The Hook
- February 22, 2007, edition
- Type: Alternative weekly
- Format: Tabloid
- Founder: Hawes Spencer
- Publisher: Better Publications LLC
- Founded: February 7, 2002
- Ceased publication: September 26, 2013
- City: Charlottesville, Virginia
- Free online archives: readthehook.net/archives

= The Hook (newspaper) =

Defunct newspaper in Charlottesville, Virginia

The Hook was a weekly newspaper published in Charlottesville, Virginia, and distributed throughout Central Virginia and the Shenandoah Valley. It was founded in 2002 by a number of former employees of another Charlottesville weekly, C-ville Weekly, including its co-founder and editor Hawes Spencer. The Hook went out of business in 2013.

== History ==
In 2007, 2009, and again in 2013, The Hook won the Virginia Press Association Award for Journalistic Integrity and Community Service, the VPA's highest honor.
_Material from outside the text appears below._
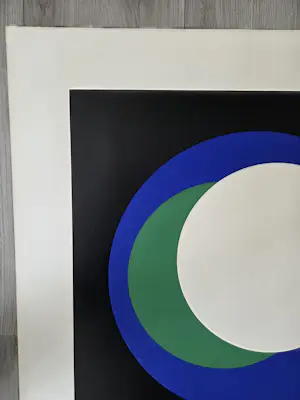 Genevieve Claisse - Geometrie. Cercles. Groot. Ophalen. kopen? Bied vanaf 189!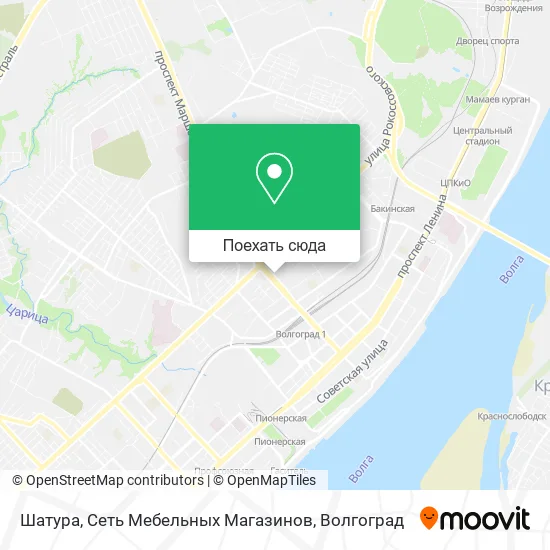 Карта Шатура, Сеть Мебельных Магазинов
The Hook features included the "HotSeat" (in which Charlottesville notables answered questions about everything from what is in their refrigerator to their most embarrassing moments), "4BetterOrWorse" (an often humorous summary of local and national news items), and the "Culture Calendar". The Hooks webcam showed the streetscape of Charlottesville's Downtown Mall, a pedestrian promenade that includes the local Ice Park and Jefferson and Paramount theaters.

In addition to print, The Hook branched out into other media in 2006 with the launch of its blog and weekly podcast.

== Archives ==
In June 2022, its 22,000 stories were removed from the internet. The Washington Post subsequently reported speculation that the deletion of the archives may have been a catch and kill operation. Following journalism about the removal of the articles, a "mysterious benefactor named F" presented an archive and committed to keep the content available. The "website appears to be complete, including links to all issues of The Hook, but the site's internal search engine appears to be disabled." A new archive website was created by former Hook reporter Dave McNair using links preserved by the Internet Archive.